Lady Macduff believes that she will be safe, because by staying in Scotland
she indicates that she has allegiance to Macbeth. She must think that Macbeth possesses honor, but she is gravely mistaken. Lady Macduff clearly does not see what is going to happen, but the audience
knows, for they were given an insight into Macbeth’s plans in the previous scene. Will she take Ross’ advice and flee, or will she be murdered?
Shakespeare heightens the sense of urgency in this scene by punctuating the
dialogue with the entrance of messengers.
The theme of loyalty continues in Scene.iii where Malcolm tests Macduff’s
allegiance. He is eventually convinced, and Malcolm warmly welcomes Macduff into the struggle against the tyrant Macbeth. Macduff is torn by terrible grief and swears a personal revenge on Macbeth.

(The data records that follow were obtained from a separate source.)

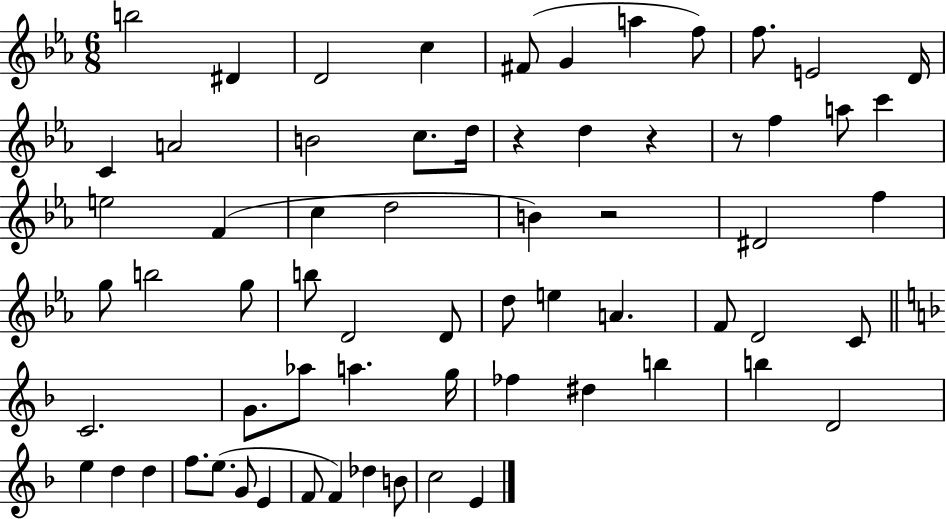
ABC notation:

X:1
T:Untitled
M:6/8
L:1/4
K:Eb
b2 ^D D2 c ^F/2 G a f/2 f/2 E2 D/4 C A2 B2 c/2 d/4 z d z z/2 f a/2 c' e2 F c d2 B z2 ^D2 f g/2 b2 g/2 b/2 D2 D/2 d/2 e A F/2 D2 C/2 C2 G/2 _a/2 a g/4 _f ^d b b D2 e d d f/2 e/2 G/2 E F/2 F _d B/2 c2 E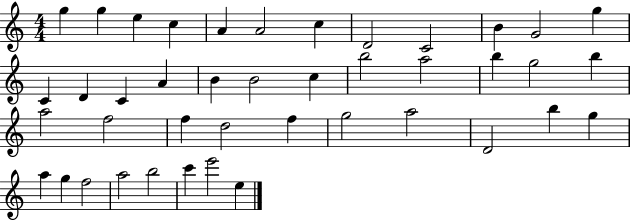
{
  \clef treble
  \numericTimeSignature
  \time 4/4
  \key c \major
  g''4 g''4 e''4 c''4 | a'4 a'2 c''4 | d'2 c'2 | b'4 g'2 g''4 | \break c'4 d'4 c'4 a'4 | b'4 b'2 c''4 | b''2 a''2 | b''4 g''2 b''4 | \break a''2 f''2 | f''4 d''2 f''4 | g''2 a''2 | d'2 b''4 g''4 | \break a''4 g''4 f''2 | a''2 b''2 | c'''4 e'''2 e''4 | \bar "|."
}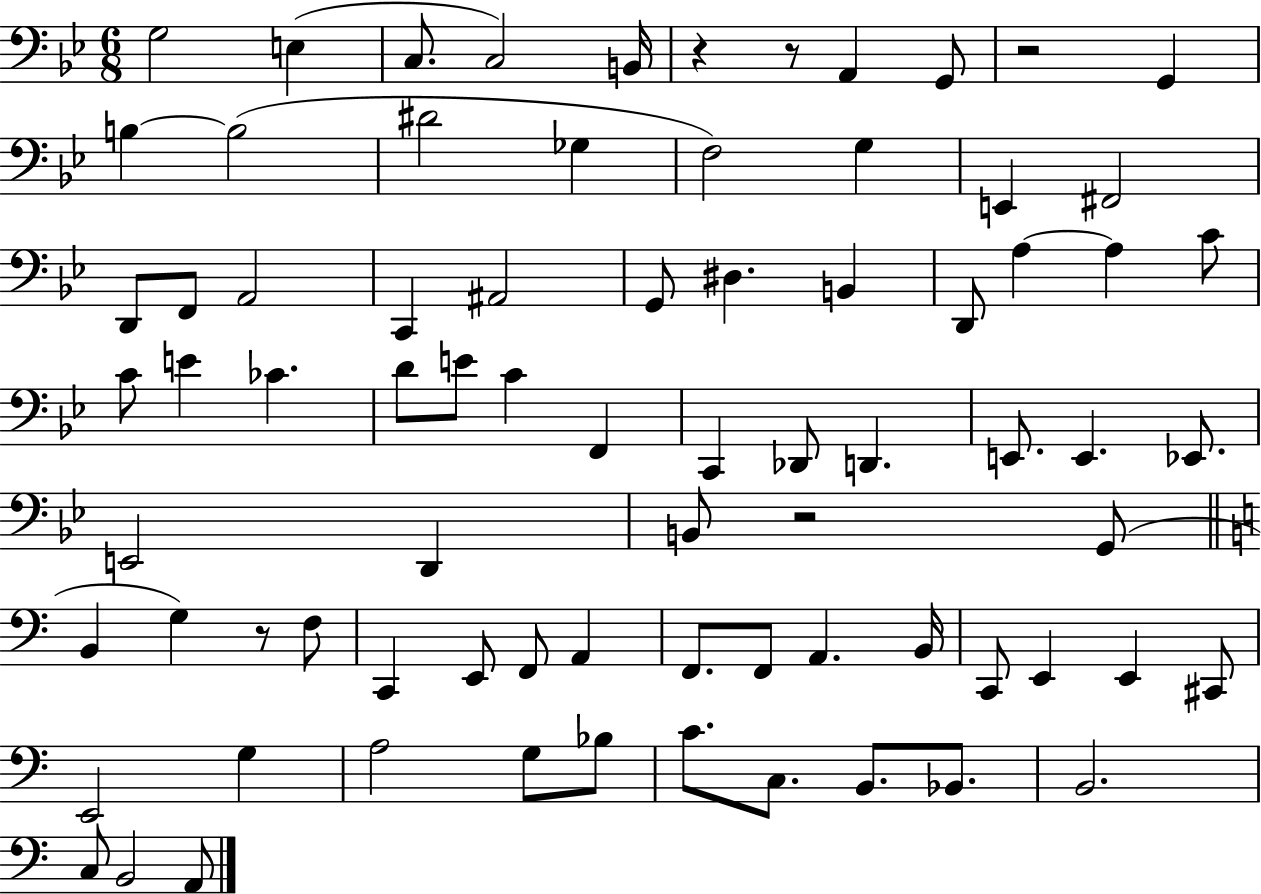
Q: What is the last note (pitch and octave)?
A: A2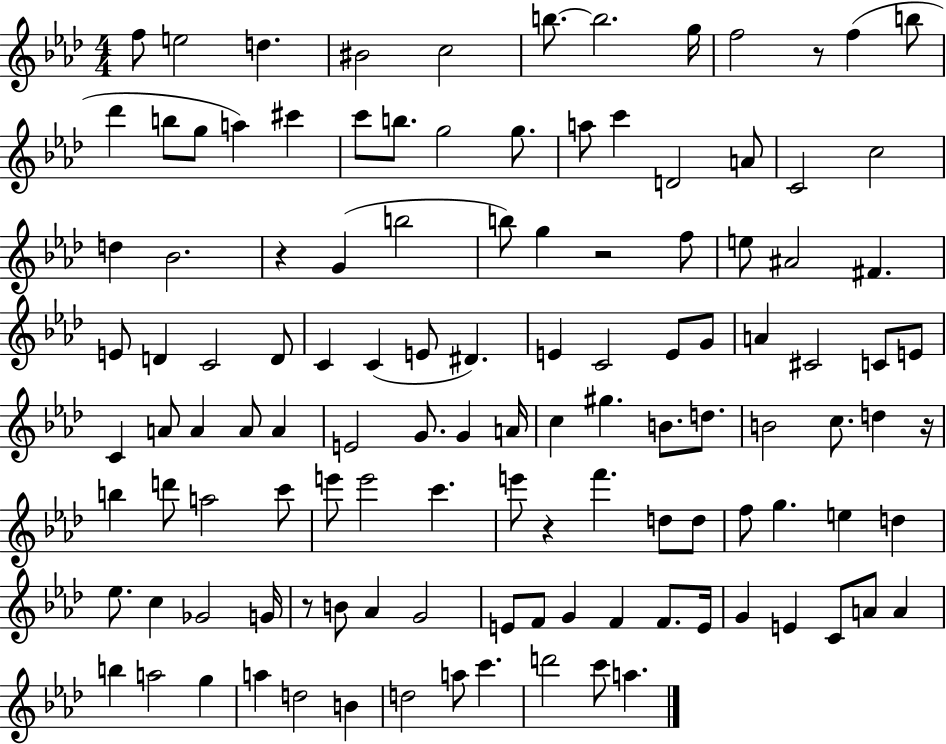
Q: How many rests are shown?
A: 6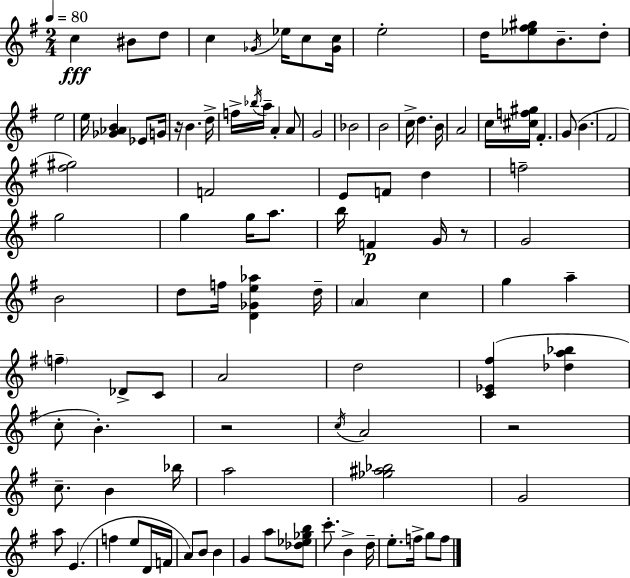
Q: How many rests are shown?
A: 4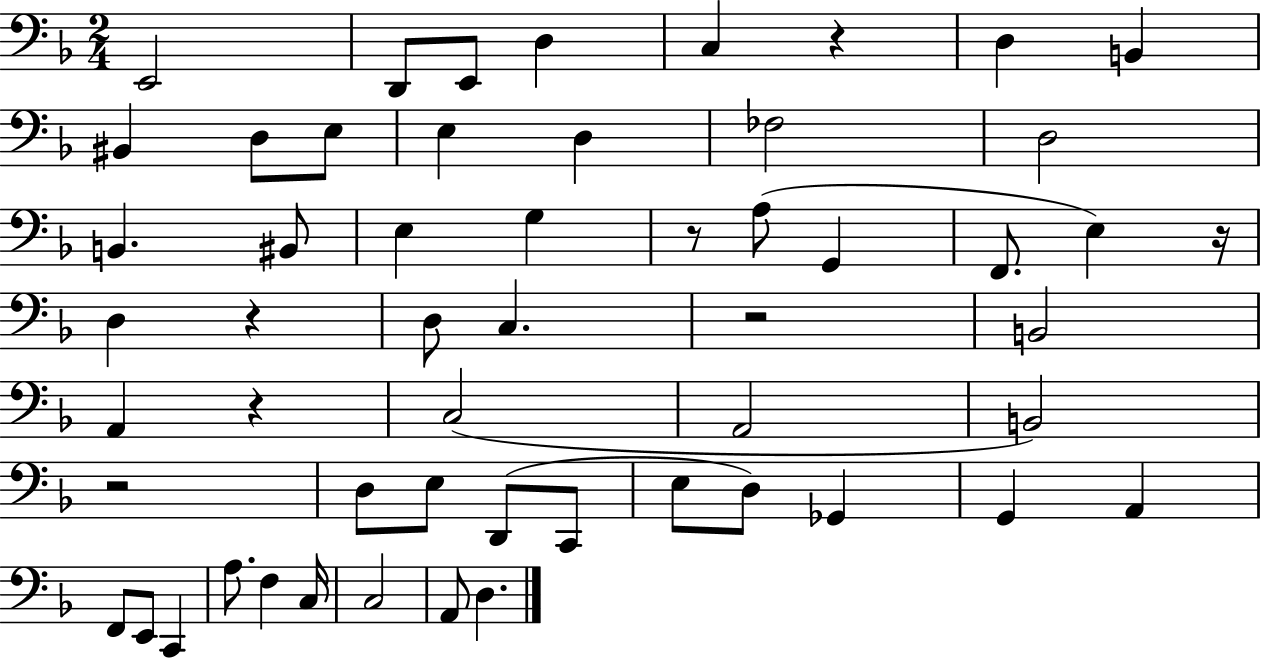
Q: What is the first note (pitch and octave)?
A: E2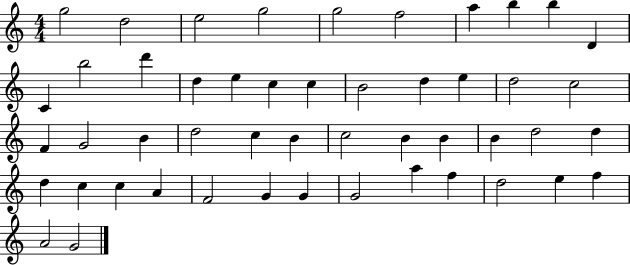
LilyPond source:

{
  \clef treble
  \numericTimeSignature
  \time 4/4
  \key c \major
  g''2 d''2 | e''2 g''2 | g''2 f''2 | a''4 b''4 b''4 d'4 | \break c'4 b''2 d'''4 | d''4 e''4 c''4 c''4 | b'2 d''4 e''4 | d''2 c''2 | \break f'4 g'2 b'4 | d''2 c''4 b'4 | c''2 b'4 b'4 | b'4 d''2 d''4 | \break d''4 c''4 c''4 a'4 | f'2 g'4 g'4 | g'2 a''4 f''4 | d''2 e''4 f''4 | \break a'2 g'2 | \bar "|."
}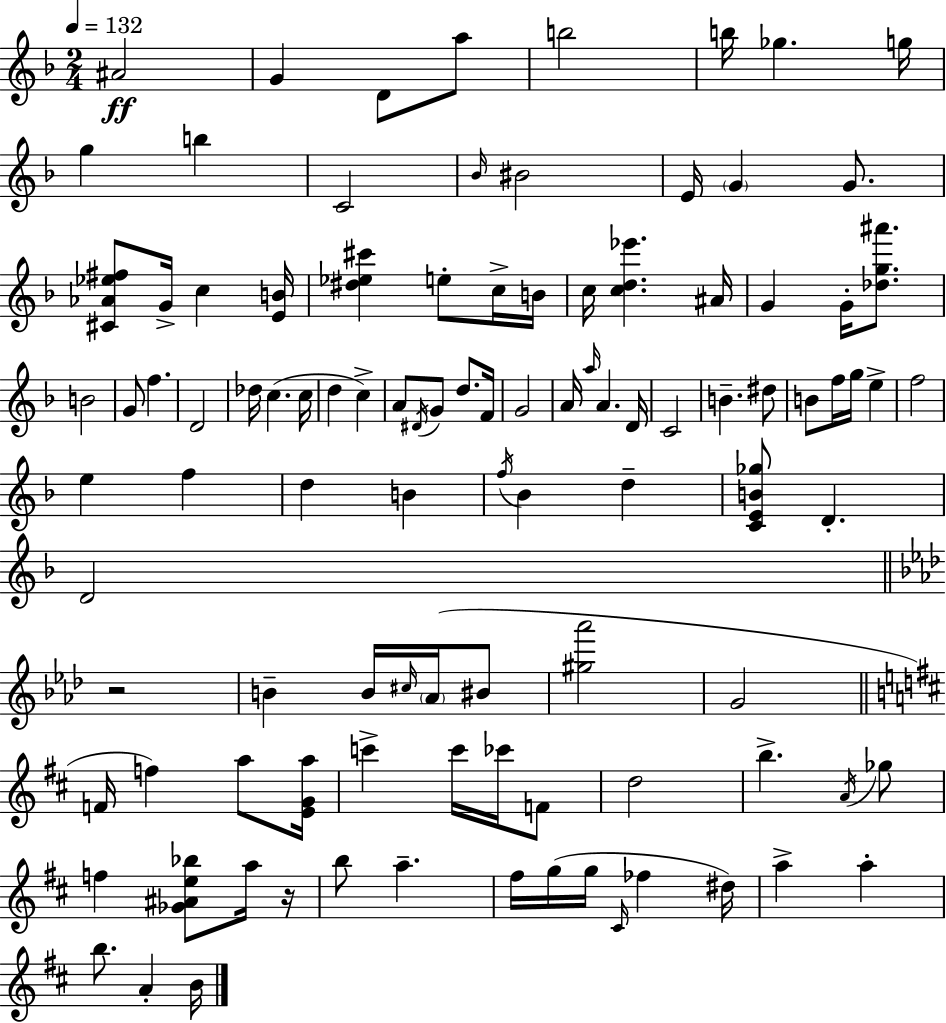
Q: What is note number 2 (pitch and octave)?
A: G4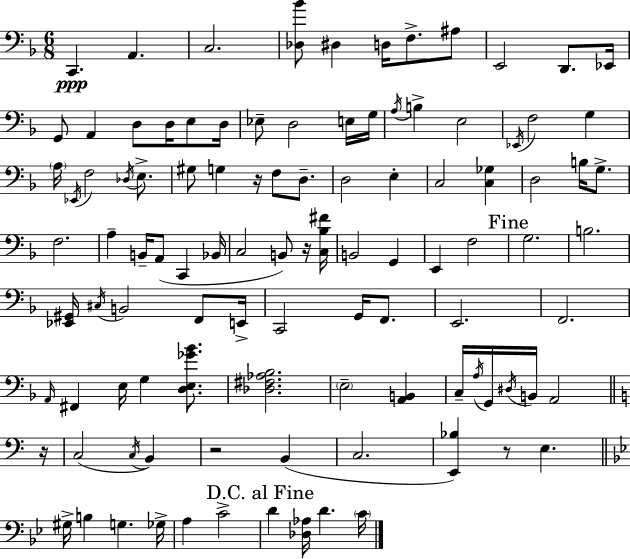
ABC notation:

X:1
T:Untitled
M:6/8
L:1/4
K:Dm
C,, A,, C,2 [_D,_B]/2 ^D, D,/4 F,/2 ^A,/2 E,,2 D,,/2 _E,,/4 G,,/2 A,, D,/2 D,/4 E,/2 D,/4 _E,/2 D,2 E,/4 G,/4 A,/4 B, E,2 _E,,/4 F,2 G, A,/4 _E,,/4 F,2 _D,/4 E,/2 ^G,/2 G, z/4 F,/2 D,/2 D,2 E, C,2 [C,_G,] D,2 B,/4 G,/2 F,2 A, B,,/4 A,,/2 C,, _B,,/4 C,2 B,,/2 z/4 [C,_B,^F]/4 B,,2 G,, E,, F,2 G,2 B,2 [_E,,^G,,]/4 ^C,/4 B,,2 F,,/2 E,,/4 C,,2 G,,/4 F,,/2 E,,2 F,,2 A,,/4 ^F,, E,/4 G, [D,E,_G_B]/2 [_D,^F,_A,_B,]2 E,2 [A,,B,,] C,/4 A,/4 G,,/4 ^D,/4 B,,/4 A,,2 z/4 C,2 C,/4 B,, z2 B,, C,2 [E,,_B,] z/2 E, ^G,/4 B, G, _G,/4 A, C2 D [_D,_A,]/4 D C/4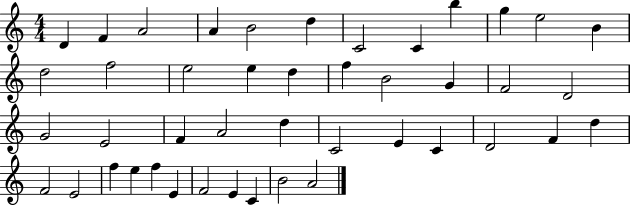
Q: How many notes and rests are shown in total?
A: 44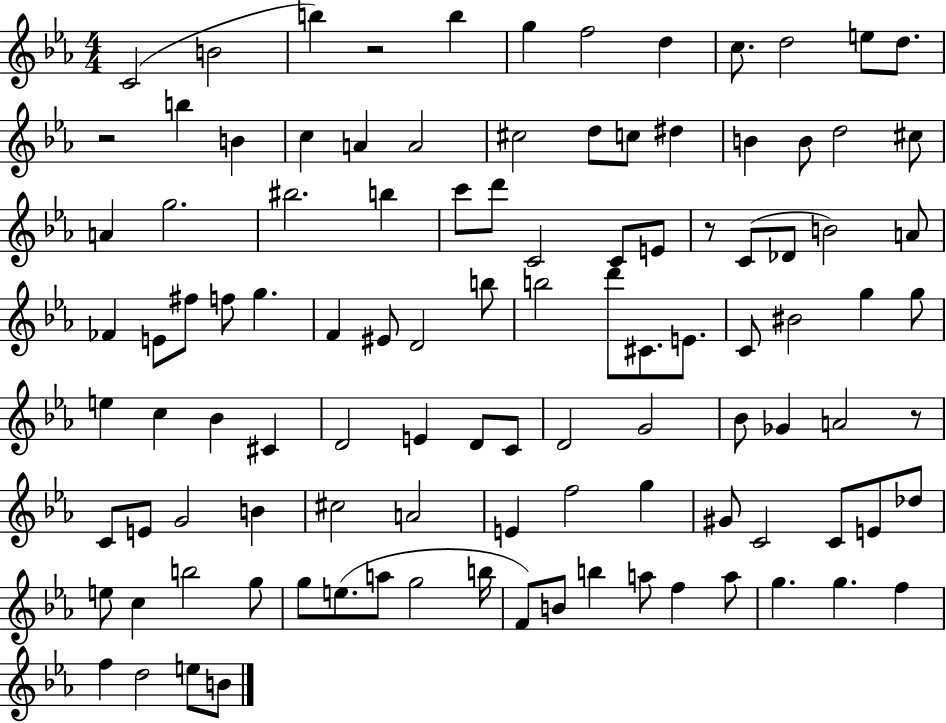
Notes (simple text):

C4/h B4/h B5/q R/h B5/q G5/q F5/h D5/q C5/e. D5/h E5/e D5/e. R/h B5/q B4/q C5/q A4/q A4/h C#5/h D5/e C5/e D#5/q B4/q B4/e D5/h C#5/e A4/q G5/h. BIS5/h. B5/q C6/e D6/e C4/h C4/e E4/e R/e C4/e Db4/e B4/h A4/e FES4/q E4/e F#5/e F5/e G5/q. F4/q EIS4/e D4/h B5/e B5/h D6/e C#4/e. E4/e. C4/e BIS4/h G5/q G5/e E5/q C5/q Bb4/q C#4/q D4/h E4/q D4/e C4/e D4/h G4/h Bb4/e Gb4/q A4/h R/e C4/e E4/e G4/h B4/q C#5/h A4/h E4/q F5/h G5/q G#4/e C4/h C4/e E4/e Db5/e E5/e C5/q B5/h G5/e G5/e E5/e. A5/e G5/h B5/s F4/e B4/e B5/q A5/e F5/q A5/e G5/q. G5/q. F5/q F5/q D5/h E5/e B4/e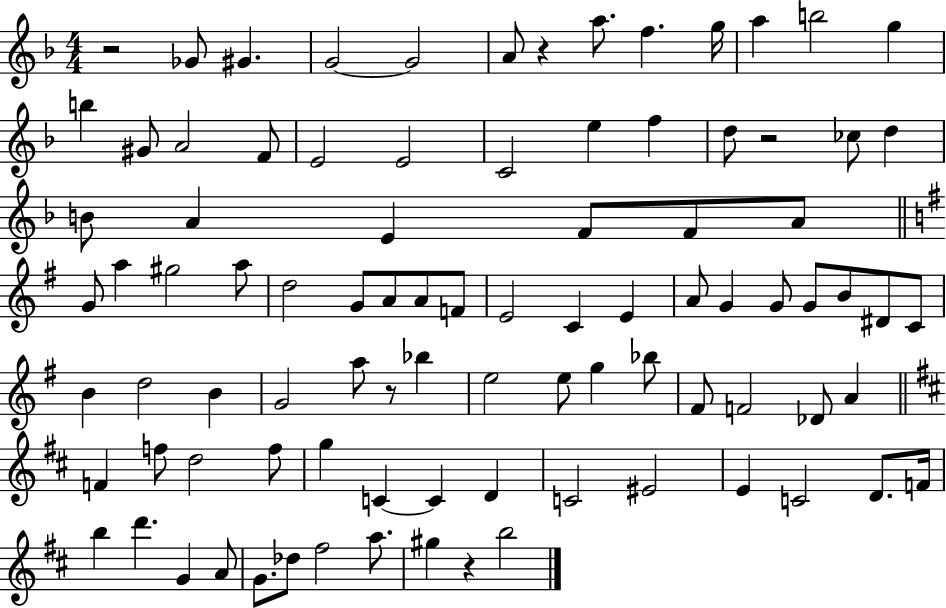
X:1
T:Untitled
M:4/4
L:1/4
K:F
z2 _G/2 ^G G2 G2 A/2 z a/2 f g/4 a b2 g b ^G/2 A2 F/2 E2 E2 C2 e f d/2 z2 _c/2 d B/2 A E F/2 F/2 A/2 G/2 a ^g2 a/2 d2 G/2 A/2 A/2 F/2 E2 C E A/2 G G/2 G/2 B/2 ^D/2 C/2 B d2 B G2 a/2 z/2 _b e2 e/2 g _b/2 ^F/2 F2 _D/2 A F f/2 d2 f/2 g C C D C2 ^E2 E C2 D/2 F/4 b d' G A/2 G/2 _d/2 ^f2 a/2 ^g z b2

One can almost look at the beginning of Scene.iii as a test for the stern job that lies ahead of Macduff. He clearly passes this.
Macduff must have felt that it was more important to defend the whole nation
of Scotland rather than just his family.
Towards the end of this scene Malcolm receives support from Edward the
Confessor. The English King had a reputation of being able to cure the sick. He was regarded as a good and kindly King, who used supernatural forces for the benefit of his people.
Malcolm and his followers are, therefore, on the side of good, whilst
Macbeth consorts with the devil.
The Thane of Ross also gives news concerning Scotland, saying that it is
full of sick people, saying
“Alas poor country,
where sighs and groans and shrieks that rent the air
are made, not mark’d: where violent sorrow seems a modern ecstasy: the dead
The reference to the King of England indicates that Malcolm is the only one
that can cure all Scotland’s ills, which emanate from the King.
Macduff feels guilty at leaving his wife and children to be slaughtered like
poor chickens by the fell swoop of a bird of prey.
As seen elsewhere, Macduff becomes the play’s avenging hero, thus setting
the scene for the final acts of the play.